From Publishers Weekly
Kerr ( The Graham Kerr Cookbook ), television's garrulous "galloping gourmet," here joins rank with legions of other foodies in a quest for a contemporary culinary grail: low-fat, low-sodium, high-fiber cooking that still tastes good. With this eclectic collection of recipes, borrowing from cuisines as varied as Mexican, Puerto Rican and Thai, Kerr contributes some innovative ideas to elevate flavor while lowering fat, including cilantro pesto and the notion of cooking pasta (radiatore, in this case) directly in the sauce, rather than in water. Here as well is a hearty steak and oyster pie and an inventive--lower fat--version of rice pudding called "Joyce Brothers' Comfort Cup"--a favorite of the syndicated psychologist. Many rather unusual and exotic ingredients are described at length. But the volume's flaw is Kerr's assumption that local supermarkets will carry all ingredients or that readers have access to specialty stores. A mail-order source for key ingredients listed without substitutions (e.g., kaffir lime leaves and galangal) would increase the book's usefulness. Author tour; BOMC selection.

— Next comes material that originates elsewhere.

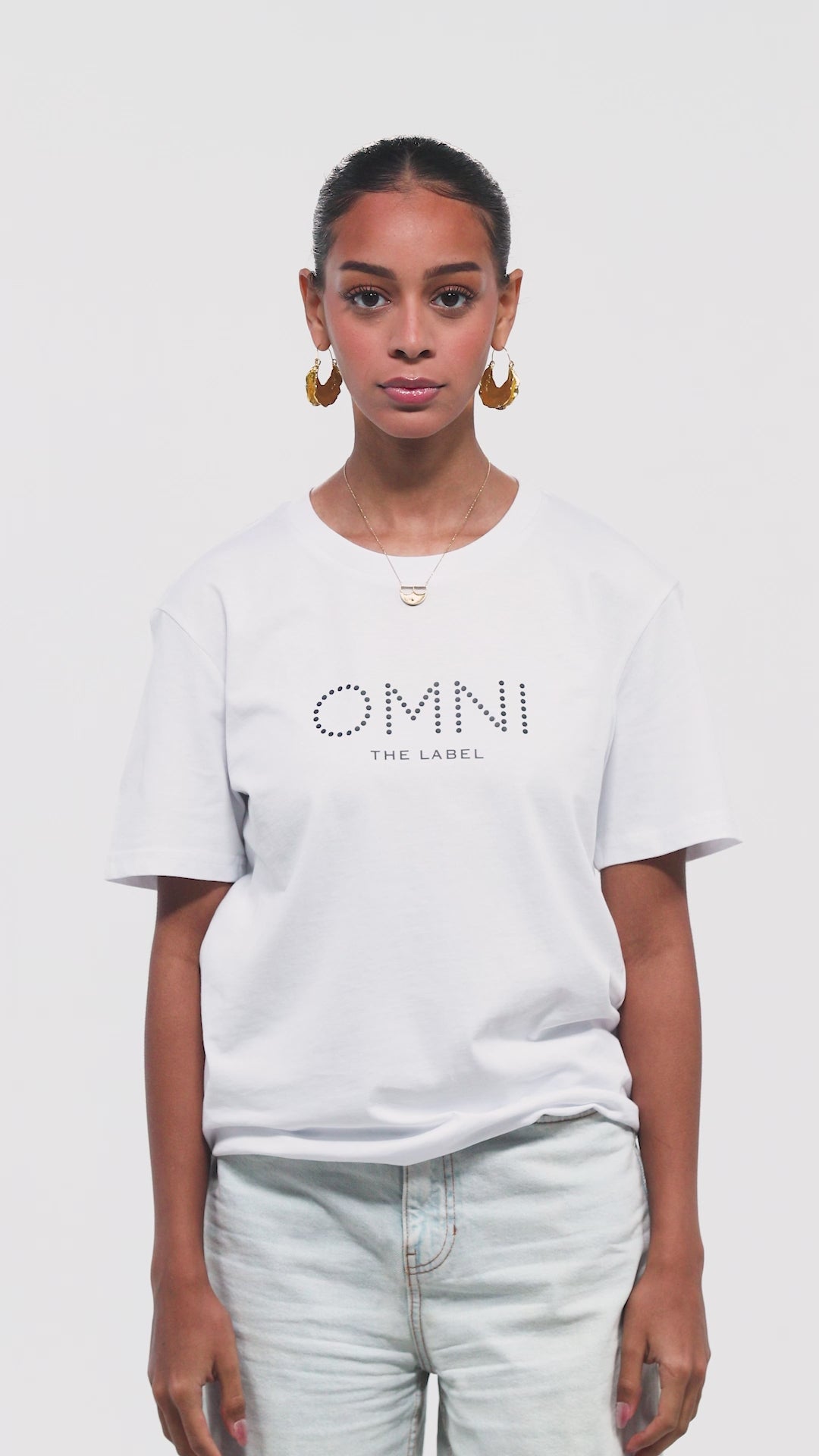Video of white T-shirt by Omni The Label featuring Arabic calligraphy print on the back—modern Middle Eastern streetwear designed for Qatar, UAE, KSA.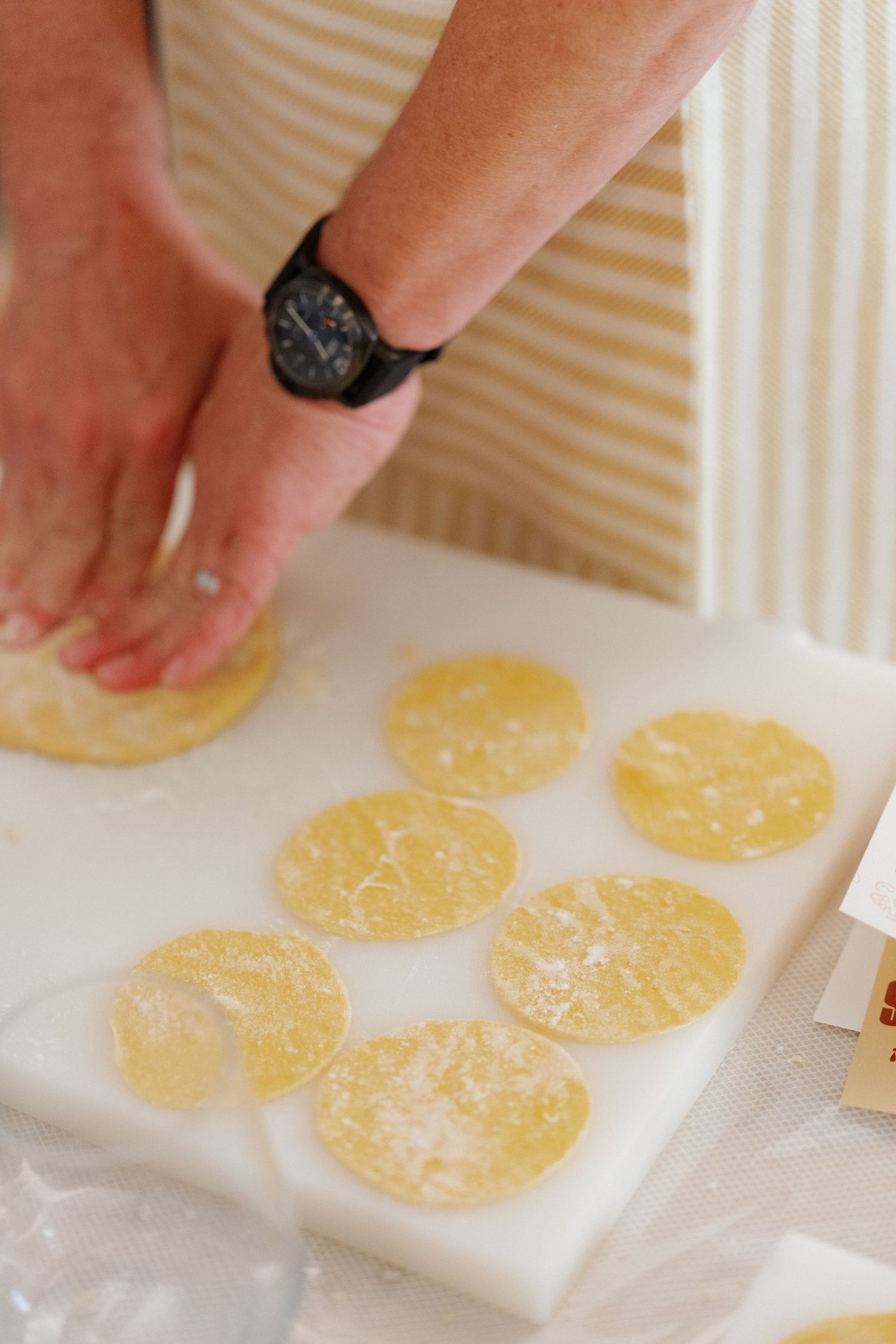 Person cutting round pasta dough circles on a white cutting board, with flour-dusted pieces ready for filling.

Copyright 1991 Reed Business Information, Inc.
From Library Journal
As the Galloping Gourmet, Kerr was a popular television personality and author of several best-selling cookbooks; now he is back with a new syndicated series and a new "heart-healthy" approach to food. The recipes included here are a mixed bag, from traditional English favorites to trendy East-West fare. For each one, there is a chart comparing its nutritional profile to a classic--read "unhealthy"--dish, but in some cases the comparison seems strained or unfair (e.g., lowfat Hummus versus Avocado Dip). The helpful hints and notes on ingredients often outshine the recipes they accompany. Nevertheless, Kerr has many fans, and this is sure to be in demand. BOMC selection; previewed in Prepub Alert, LJ 6/1/91.